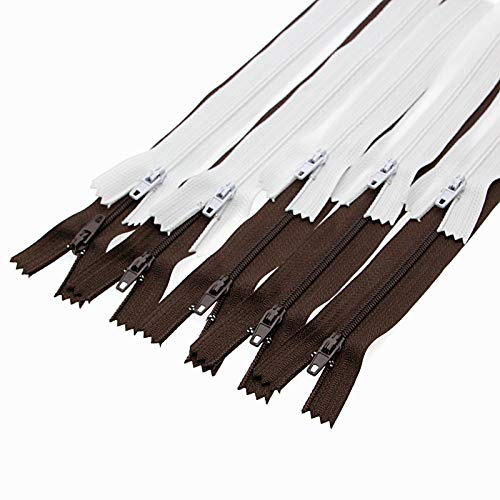 Leekayer 3# 30cm Reißverschlüsse Braun & Weiß Farben, 10 PCS/Pack Reißverschluss zum Nähen von Kleiderbeuteln DIY Manuelle Handarbeit 12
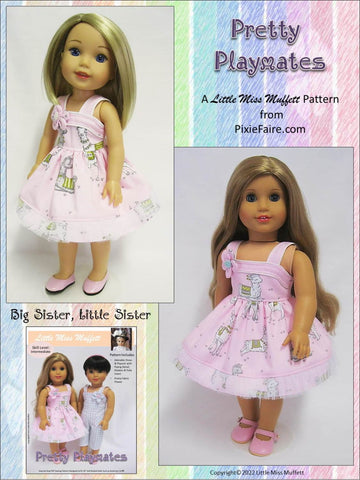 Little Miss Muffett 18 Inch Modern Pretty Playmates 14.5" Doll Clothes Pattern Pixie Faire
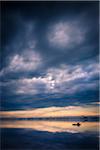 Floating Dock on Still Lake with Storm Clouds Overhead, King Bay, Point Au Fer, Champlain, New York State, USA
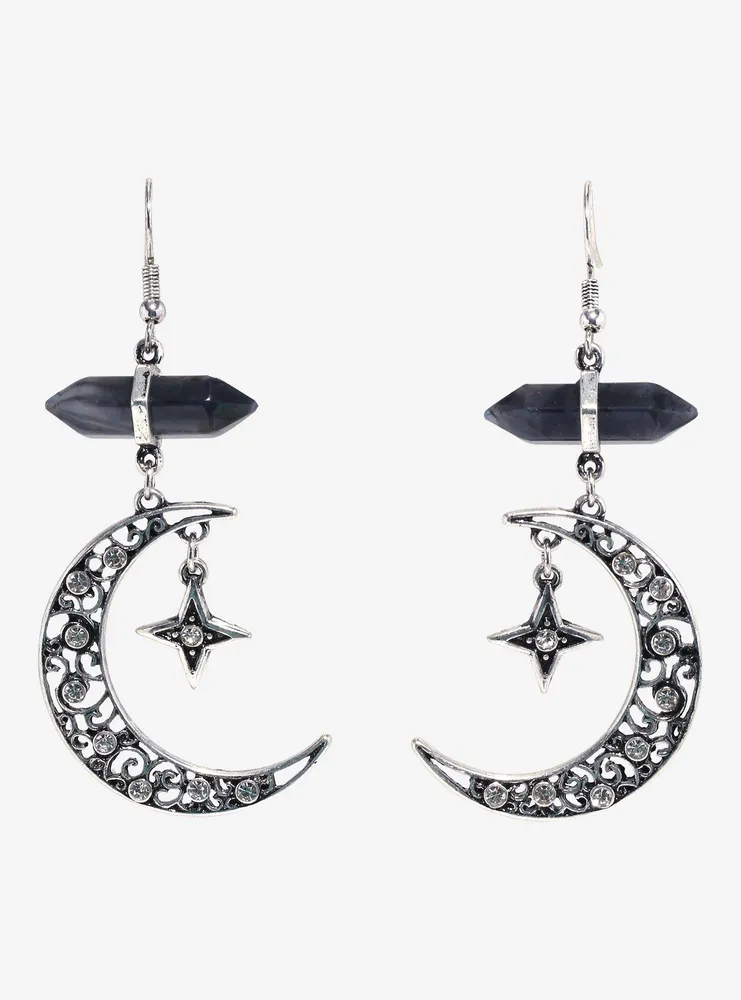 Cosmic Aura Rhinestone Moon Crystal Earrings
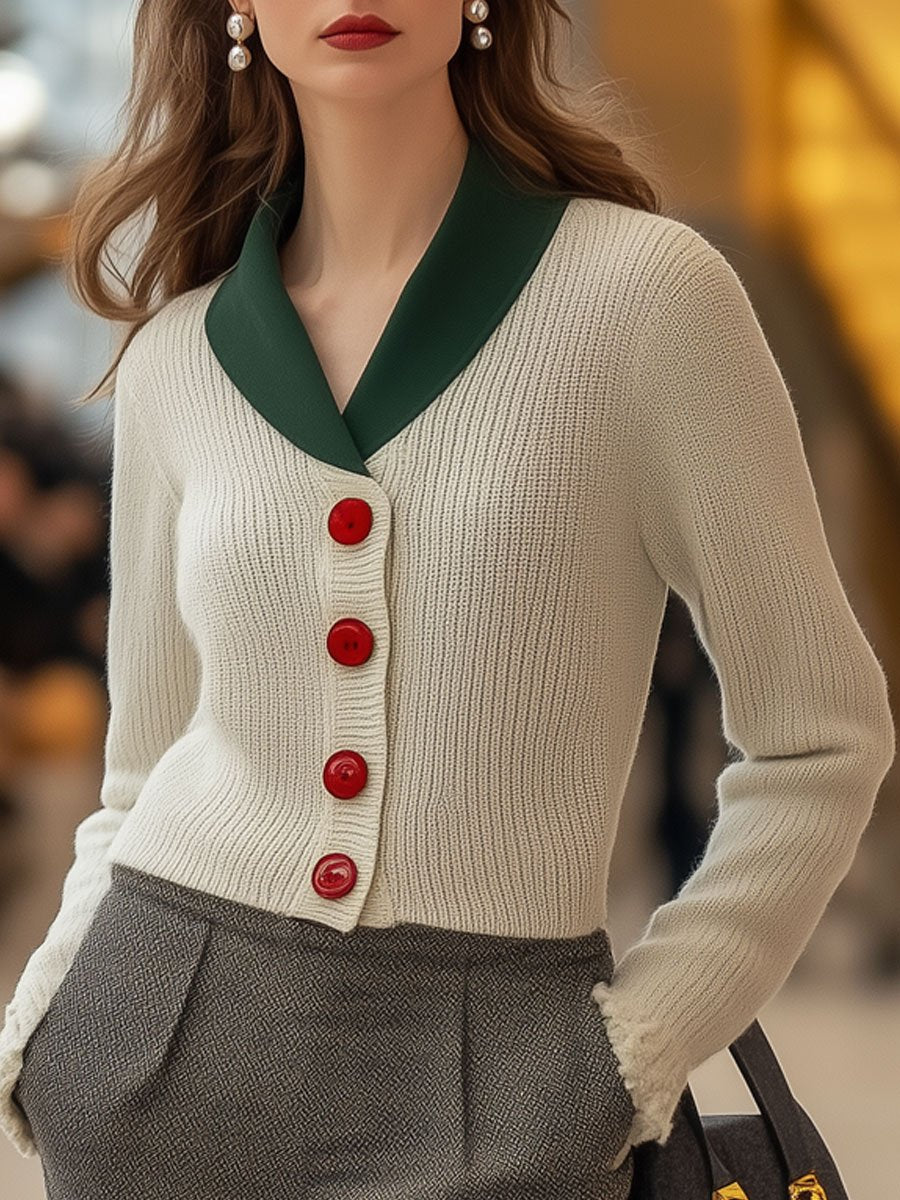 Casual Loose Retro Colorblock Lapel Single-breasted Sweater Cardigan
# # # # # # #
• EXERCISE AIM:
Restate word for word the lines beginning with the one that contains "Floating Dock on" and ending with the last line of the listing; pictures stay out.

• EXERCISE RESULT:
 Floating Dock on Still Lake with Storm Clouds Overhead, King Bay, Point Au Fer, Champlain, New York State, USA
 Cosmic Aura Rhinestone Moon Crystal Earrings
 Casual Loose Retro Colorblock Lapel Single-breasted Sweater Cardigan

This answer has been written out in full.